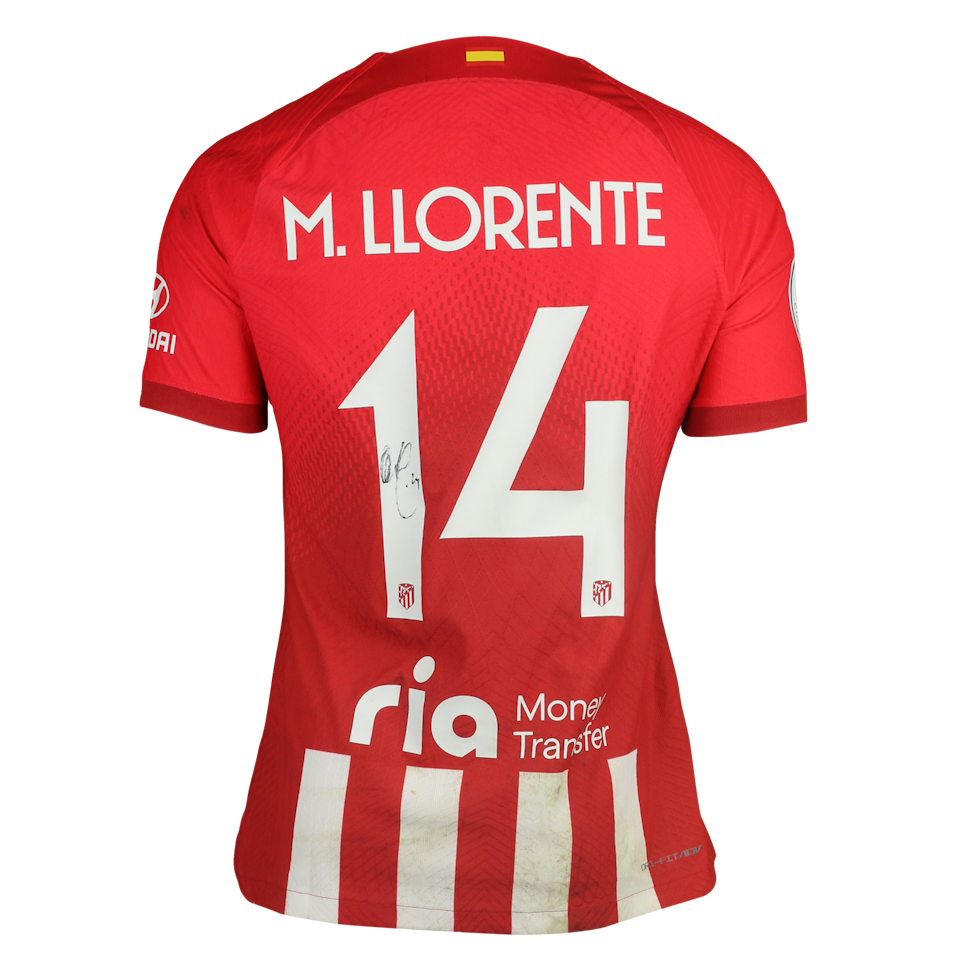 Marcos Llorente  Atlético de Madrid shirt
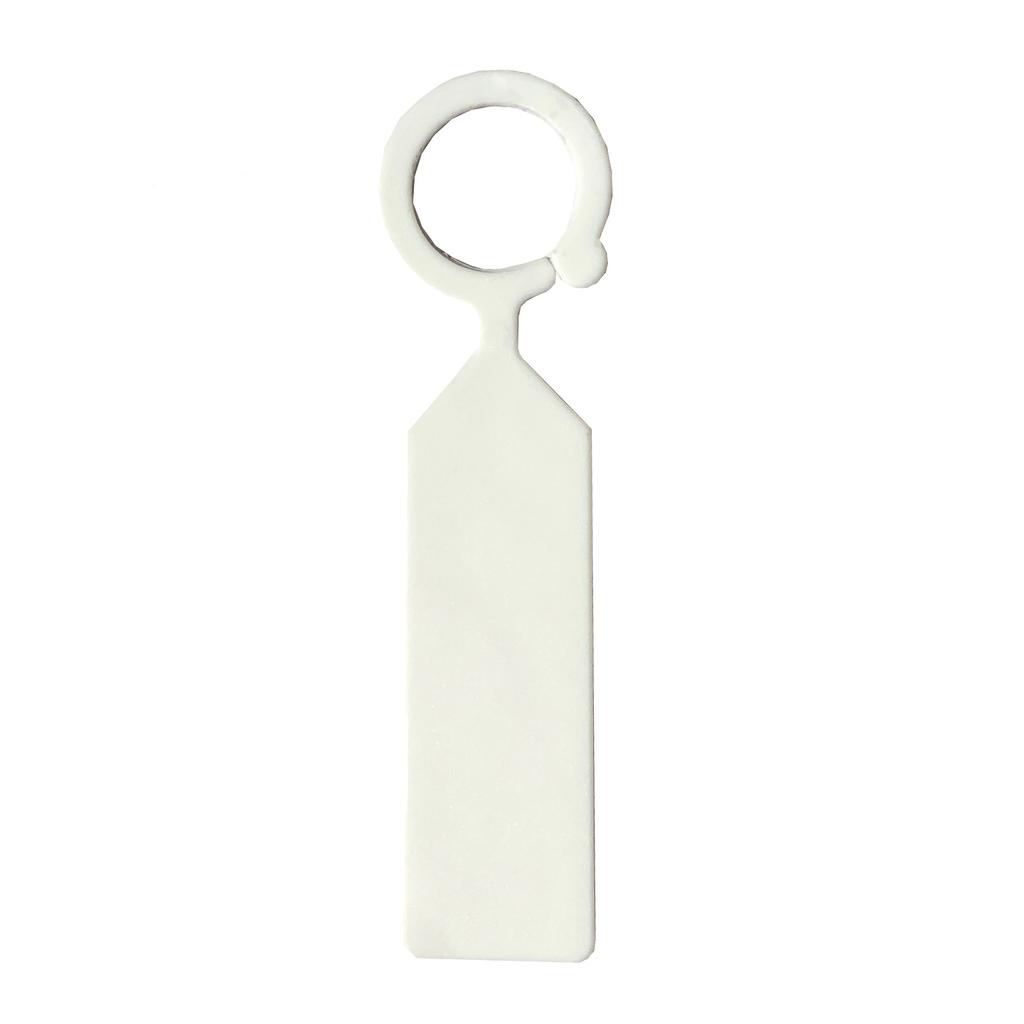 100Pcs Reusable Waterproof Plant Labels - Plastic Garden Markers for Flowers, Vegetables & Greenhouse Use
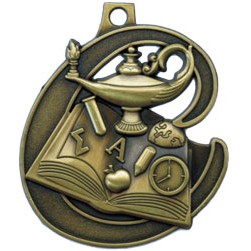 Knowledge Stock Medal (2")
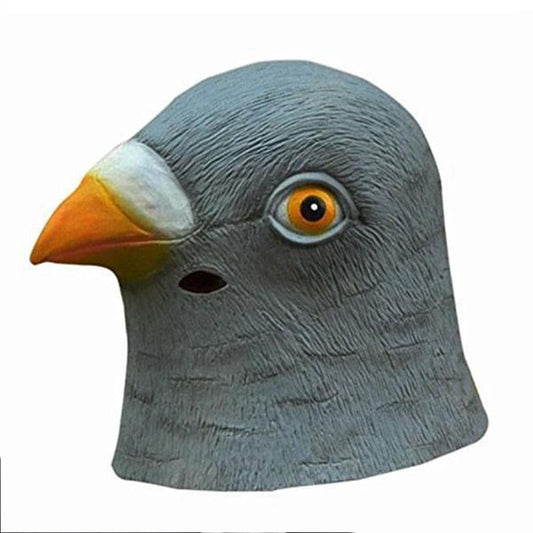 Pigeon Head Mask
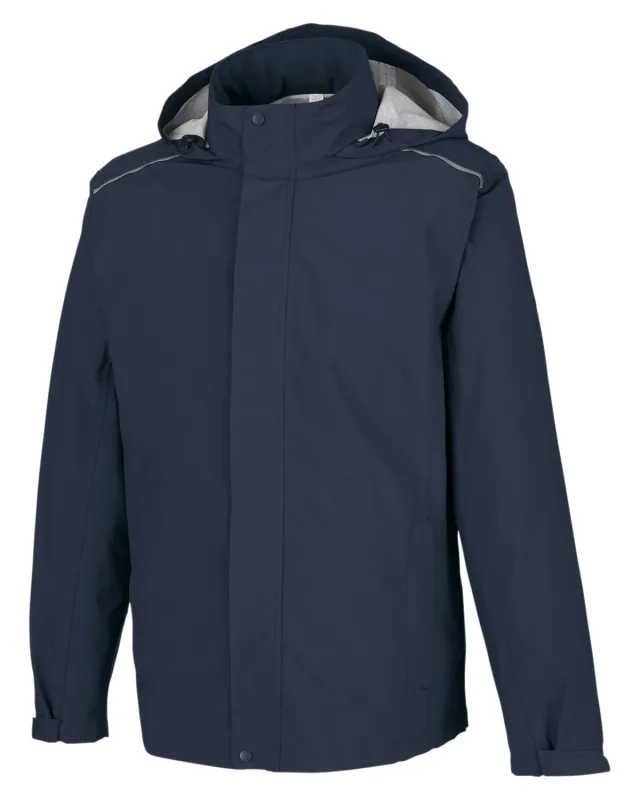 CORE365 Men's Barrier Rain Jacket — view 35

What is required:
Reproduce the listing exactly, minus its pictures.

Task answer:
 Marcos Llorente  Atlético de Madrid shirt
 100Pcs Reusable Waterproof Plant Labels - Plastic Garden Markers for Flowers, Vegetables & Greenhouse Use
 Knowledge Stock Medal (2")
 Pigeon Head Mask
 CORE365 Men's Barrier Rain Jacket — view 35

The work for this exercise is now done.